▶ _PROVIDED ENTRIES_:
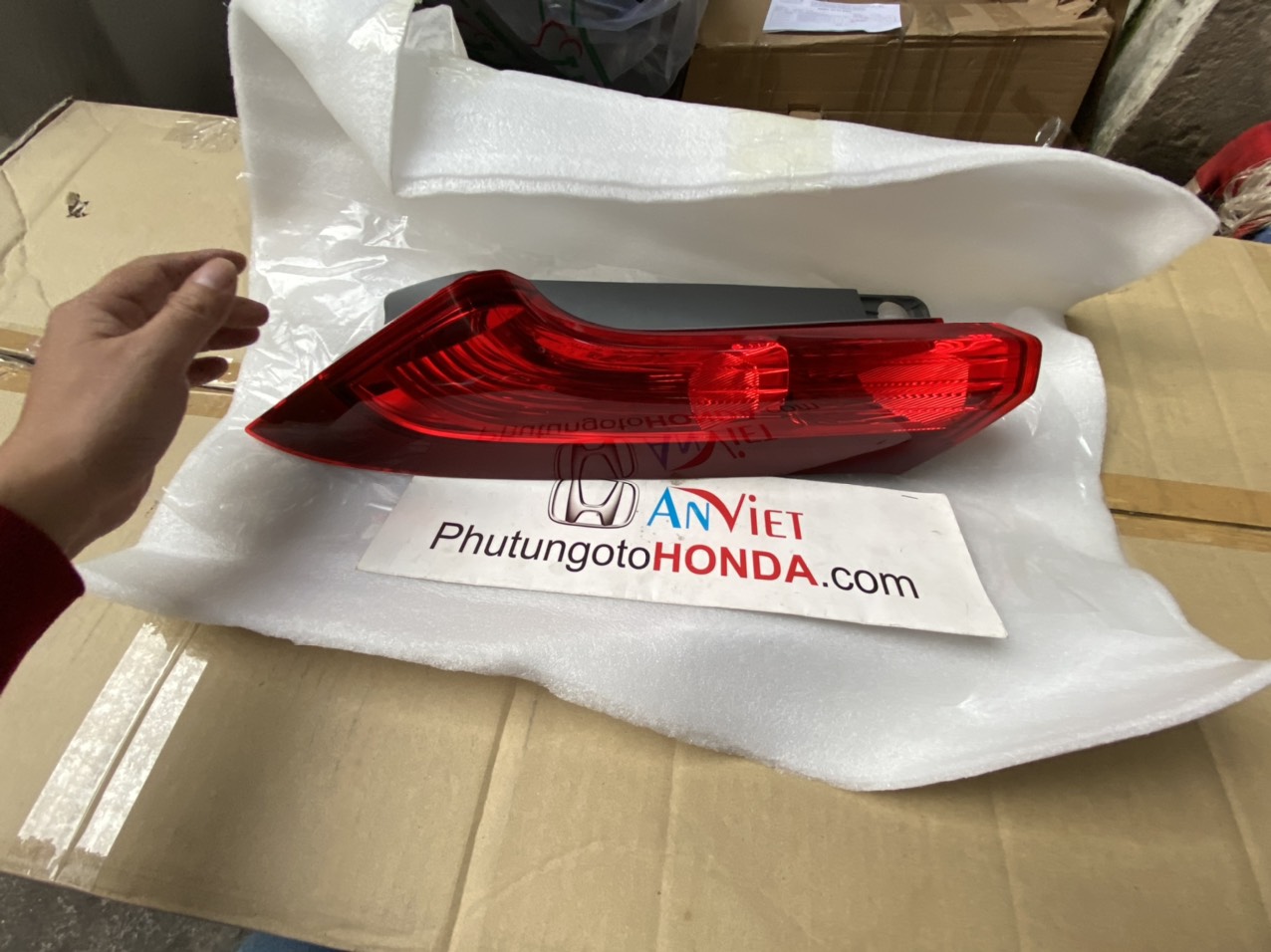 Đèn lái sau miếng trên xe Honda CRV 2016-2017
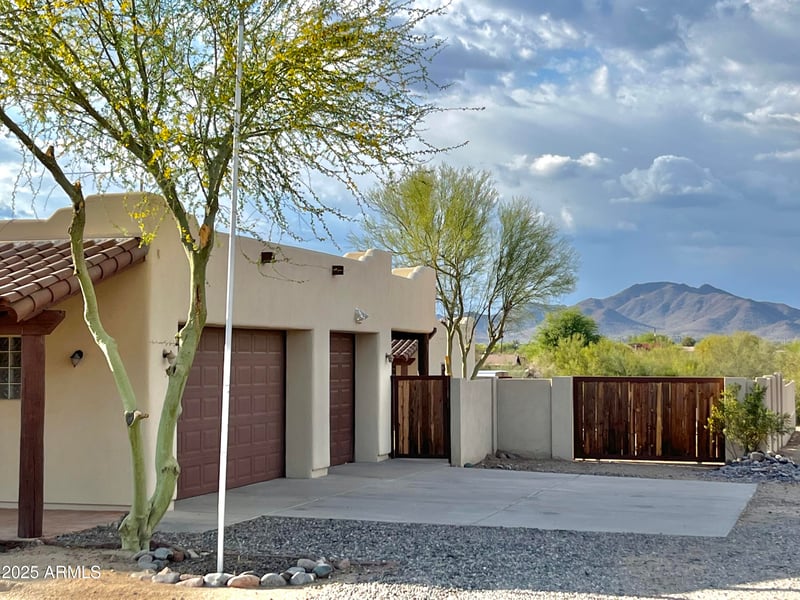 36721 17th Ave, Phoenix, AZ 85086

==

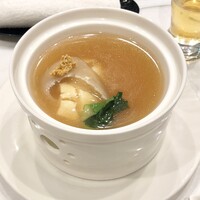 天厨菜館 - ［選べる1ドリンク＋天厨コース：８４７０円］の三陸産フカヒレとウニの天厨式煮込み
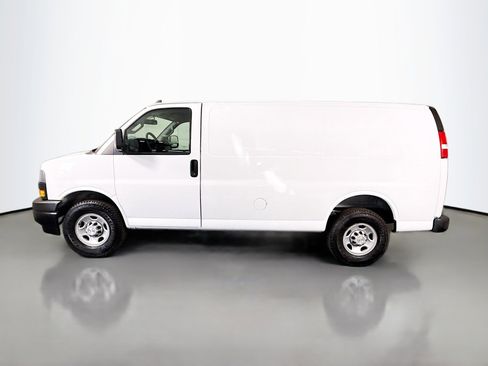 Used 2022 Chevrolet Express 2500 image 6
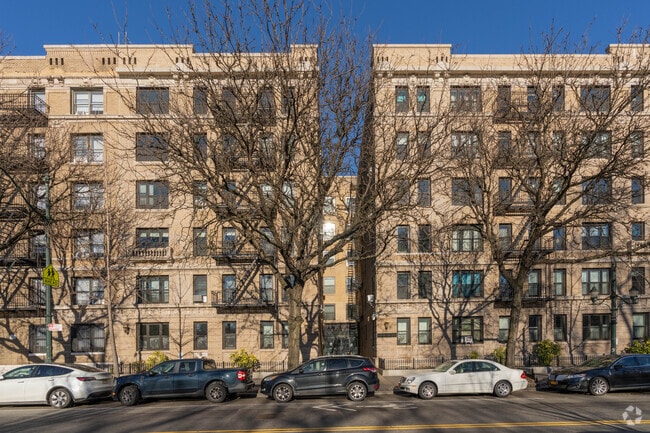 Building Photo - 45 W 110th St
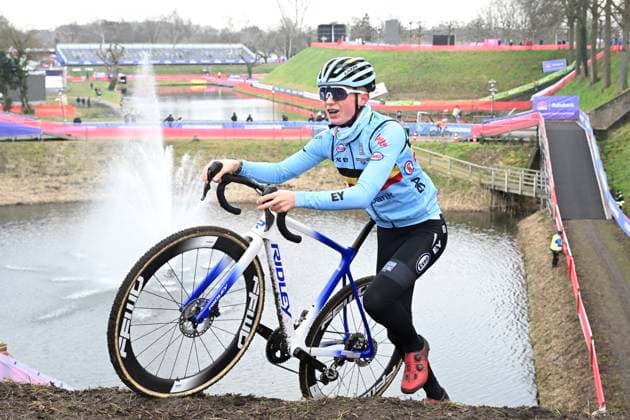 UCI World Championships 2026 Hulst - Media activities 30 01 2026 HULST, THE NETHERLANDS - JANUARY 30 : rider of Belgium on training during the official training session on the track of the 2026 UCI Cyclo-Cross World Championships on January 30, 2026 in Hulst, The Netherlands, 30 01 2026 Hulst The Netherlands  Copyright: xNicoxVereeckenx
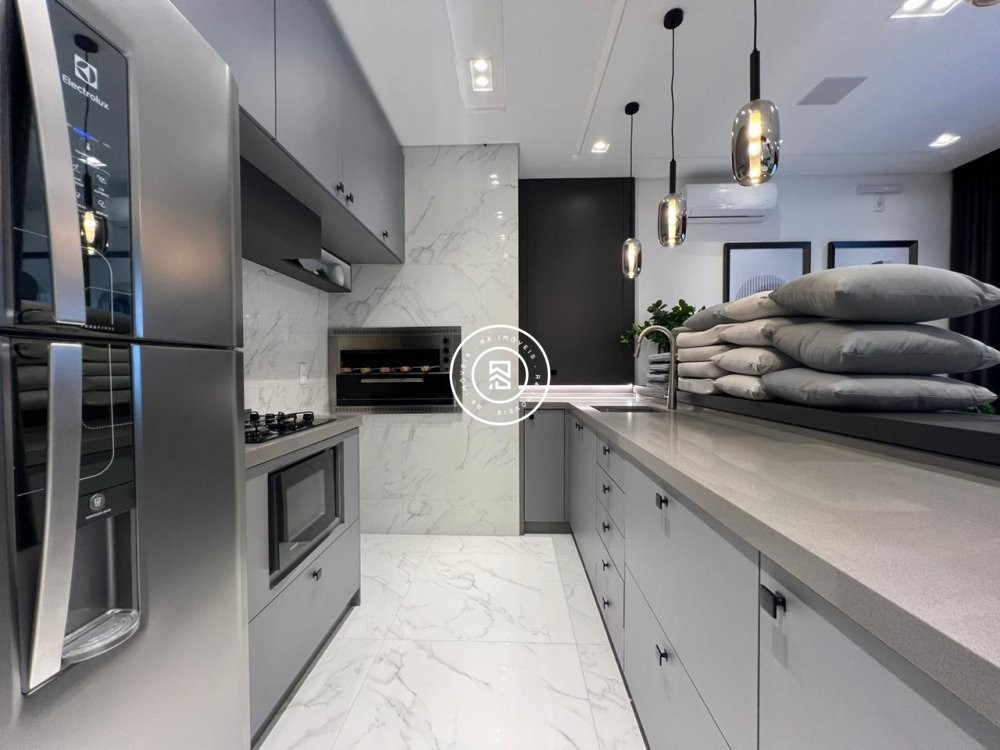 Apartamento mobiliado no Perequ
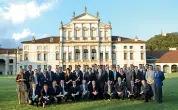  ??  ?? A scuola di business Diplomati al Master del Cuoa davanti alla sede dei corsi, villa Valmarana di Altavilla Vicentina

▶ _TASK REQUIREMENTS_:
Copy the listing above exactly, but only from the line with "天厨菜館 - ［選べる1ドリンク＋天厨コース：８４７０円］の三陸産フカヒレとウニの天厨式煮込み" through the line with "di Altavilla Vicentina", including those two lines and excluding any picture.

▶ _EXERCISE SOLUTION_:
 天厨菜館 - ［選べる1ドリンク＋天厨コース：８４７０円］の三陸産フカヒレとウニの天厨式煮込み
 Used 2022 Chevrolet Express 2500 image 6
 Building Photo - 45 W 110th St
 UCI World Championships 2026 Hulst - Media activities 30 01 2026 HULST, THE NETHERLANDS - JANUARY 30 : rider of Belgium on training during the official training session on the track of the 2026 UCI Cyclo-Cross World Championships on January 30, 2026 in Hulst, The Netherlands, 30 01 2026 Hulst The Netherlands  Copyright: xNicoxVereeckenx
 Apartamento mobiliado no Perequ
  ??  ?? A scuola di business Diplomati al Master del Cuoa davanti alla sede dei corsi, villa Valmarana di Altavilla Vicentina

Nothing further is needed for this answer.